Positivism requires [39] that a theory does not contain any more postulates than are necessary to express, in compact form, the observations that have been made⁸. In positivism, theories with few postulates are preferred to theories with many postulates. This meant, for example, that before observations, such as [58,25] that of the photo-electric effect in metals, were made, which were incompatible with Newton's laws of classical mechanics, positivism would have favoured classical mechanics, which has [26] two independent postulates, over quantum mechanics, which needs [58] five postulates to specify the behaviour of mechanical systems. This principle is known as Occam's razor.

A typical implementation of Occam's razor is the form of hypothesis testing attributed to Cournot [11]. In this method, at any given time, one theory $T_n$, known as the null hypothesis, is accepted as correct. If the likelihood $P(E\vert T_n)$ of the evidence $E$, given the null hypothesis, drops below some small, critical value $\epsilon{}$, then the null hypothesis is abandoned in favour of the next theory in line, $T_{n+1}$. Occam's razor then appears as the ordering of theories, $T_n$ being a theory of $n$ postulates; as Anderson [3] explained, in his exposition of Bayesian analysis, the null hypothesis is the simplest available theory. This system of ordering theories is here called the positivist Occam's razor, in order to distinguish it, as MacKay [42,43] already has, from the form of Occam's razor which arises naturally in Bayesian statistics, through the Occam factor. The difference is that, while the positivist Occam's razor uses the prior probability distribution to punish theories for having many postulates, irrespective of their relationship to the evidence, the Bayesian Occam factor directly takes into account, without reference to number of postulates or interference in the prior probability distribution, any adaptation which has been made in a theory in response to evidence, as a reduction in the extent to which the same evidence can be used to argue in favour of the adapted theory.

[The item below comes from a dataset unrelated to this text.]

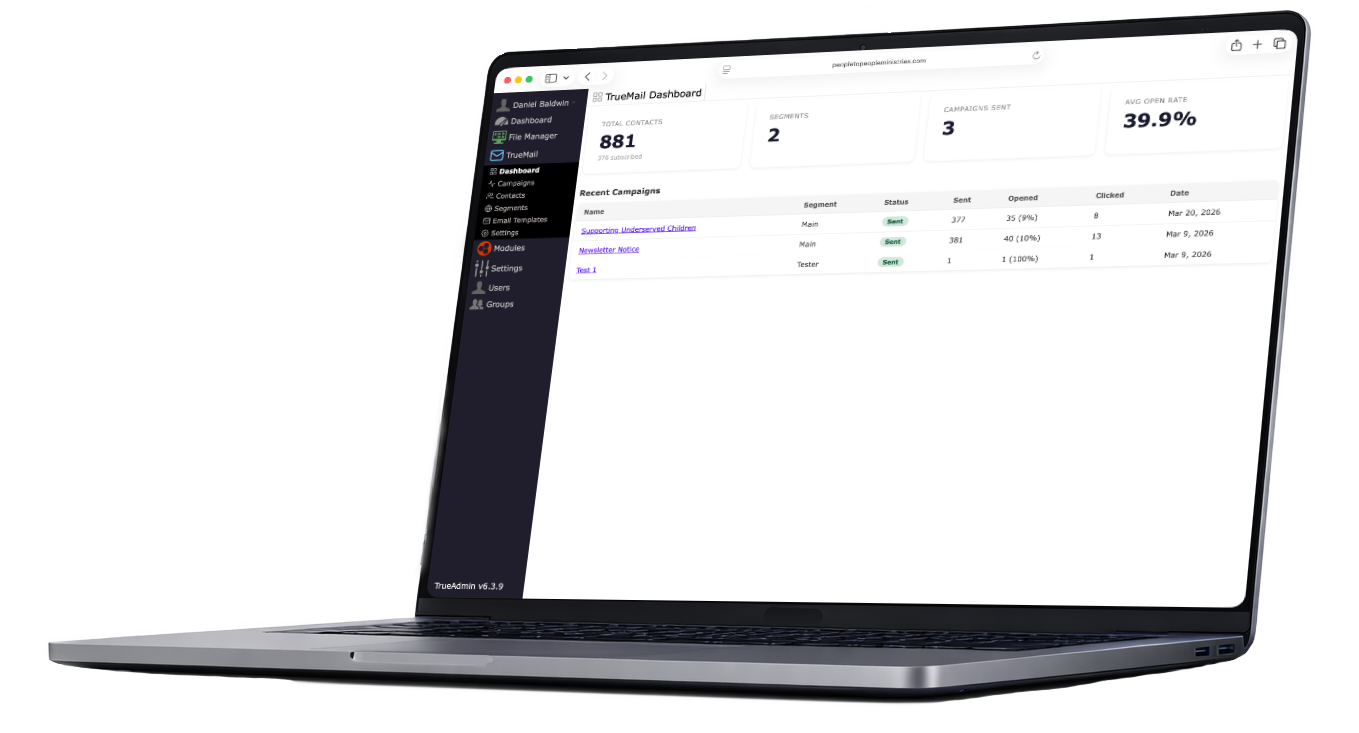 TrueMail dashboard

This bears closer examination. From a Bayesian perspective, the boundary between believing in $T_n$ and believing in $T_{n+1}$ must occur where

$$P(T_n\vert E)=P(T_{n+1}\vert E)$$ (12)

$$\Rightarrow{}\frac{P(E\vert T_n)P(T_n)}{P(E)}=\frac{P(E\vert T_{n+1})P(T_{n+1})}{P(E)}$$ (13)

$$\Rightarrow{}P(T_{n+1})=\frac{P(E\vert T_n)P(T_n)}{P(E\vert T_{n+1})}\textrm{.}$$ (14)

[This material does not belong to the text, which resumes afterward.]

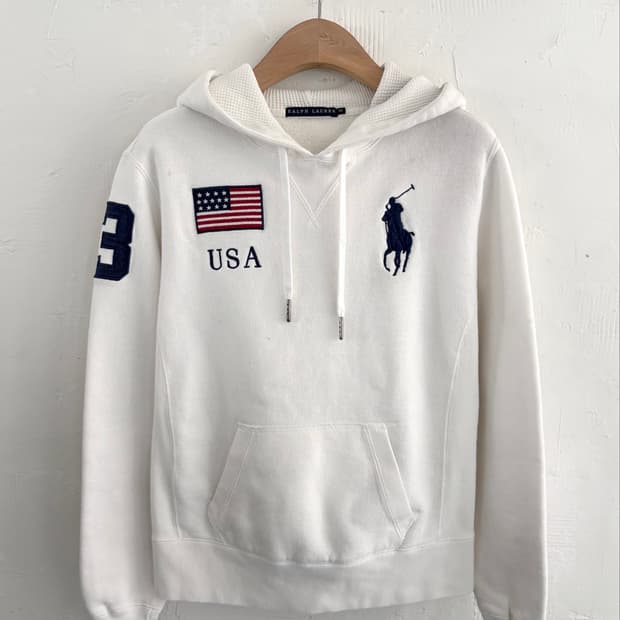 Polo 랄프로렌 우먼 화이트 빅포니 USA 후드티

In Cournot's [11] method, this boundary occurs where $P(E\vert T_n)=\epsilon{}$. It is reasonable to assume that the specific, non-adjustable $T_{n+1}$ under consideration is that with the highest likelihood, and further, that the evidence will not, at the stage where some $T_n$ is still being entertained, have pulled the likelihoods in all of the $n+1$ postulate theories away from unity, because the disjunction of all available $n+1$ postulate theories has a vastly greater ability to adjust to evidence than the disjunction of all available $n$ postulate theories. Therefore, $P(E\vert T_{n+1})=1$. Equation 14 then becomes

$$P(T_{n+1})=\epsilon{}P(T_n)\textrm{.}$$ (15)

Equation 15 provides a recursion relation, associated with Cournot's [11] implementation of the positivist Occam's razor, for the prior probability of a specific, non-adjustable theory of $n$ postulates. Once the number of available theories of any given number of postulates is known, it therefore gives the absolute value of the prior probability of a theory of $n$ postulates, as a function of $n$. The crucial point is not the form of this function, but the fact that positivism, implemented in this way, can be associated with a particular prior probability distribution at all. The assertion of correctness for a particular prior probability distribution places this implementation of positivism in a tradition known as logical probability, which conflicts (section 3.1) with modern Bayesian statistics.